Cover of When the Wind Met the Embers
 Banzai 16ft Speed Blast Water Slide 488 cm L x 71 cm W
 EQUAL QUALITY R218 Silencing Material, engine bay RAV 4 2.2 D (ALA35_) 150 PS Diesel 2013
* * *
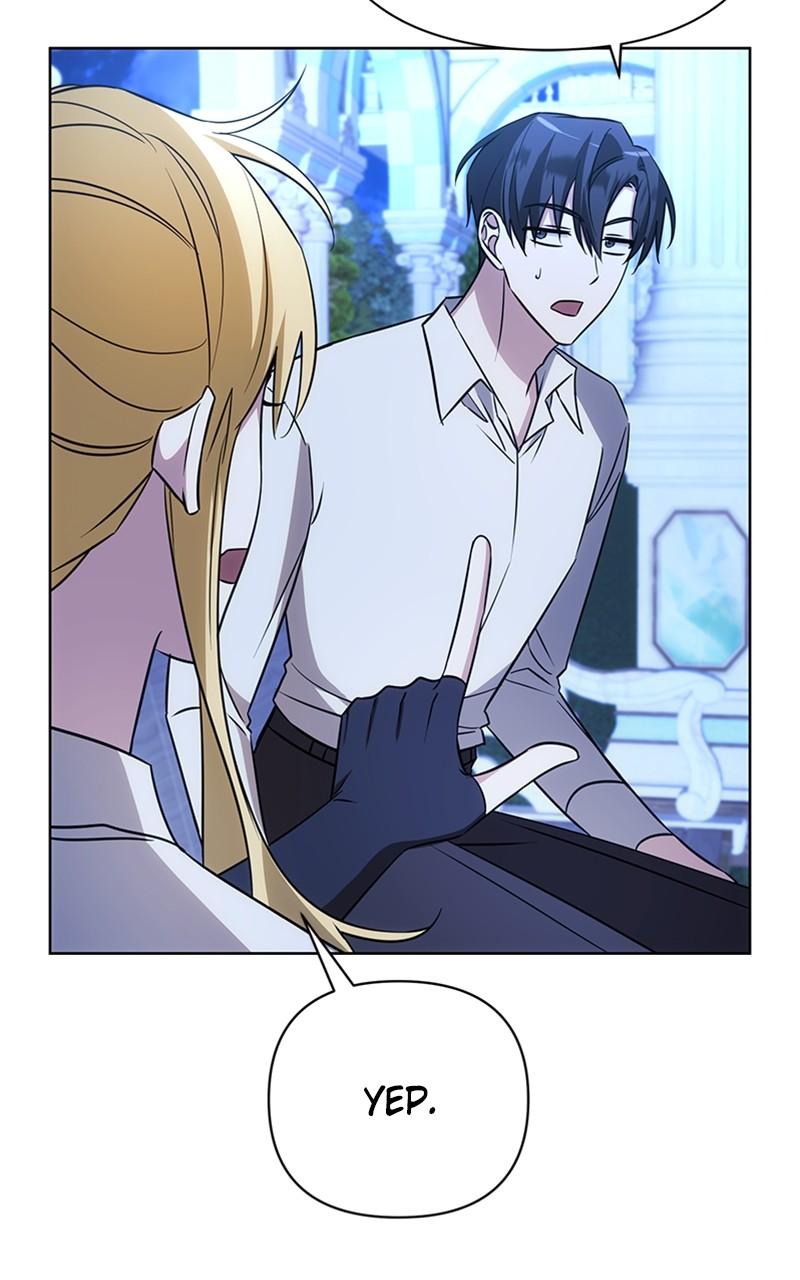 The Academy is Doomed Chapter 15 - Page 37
* * *
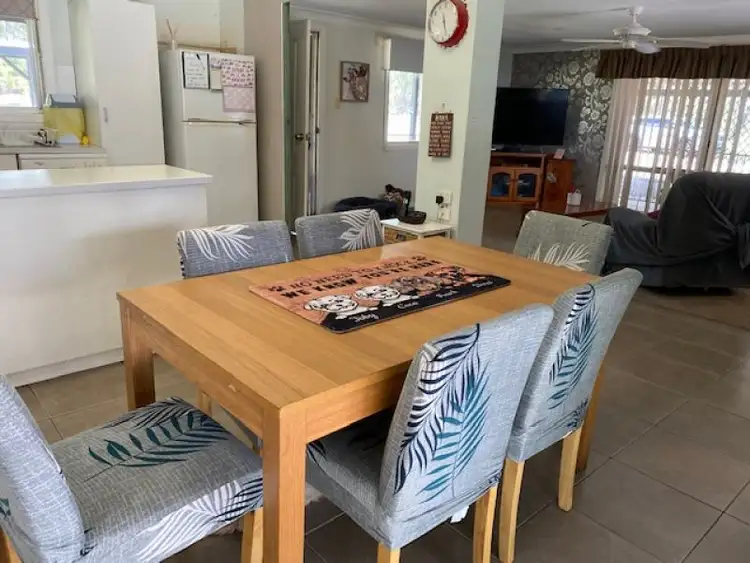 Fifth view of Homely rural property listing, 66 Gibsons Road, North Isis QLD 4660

● **TASK TO CARRY OUT**: From the records above, reproduce exactly the lines from the one with "Banzai 16ft Speed" to the one with "EQUAL QUALITY R218", both included, and no others.

● **ANSWER BOX**:
 Banzai 16ft Speed Blast Water Slide 488 cm L x 71 cm W
 EQUAL QUALITY R218 Silencing Material, engine bay RAV 4 2.2 D (ALA35_) 150 PS Diesel 2013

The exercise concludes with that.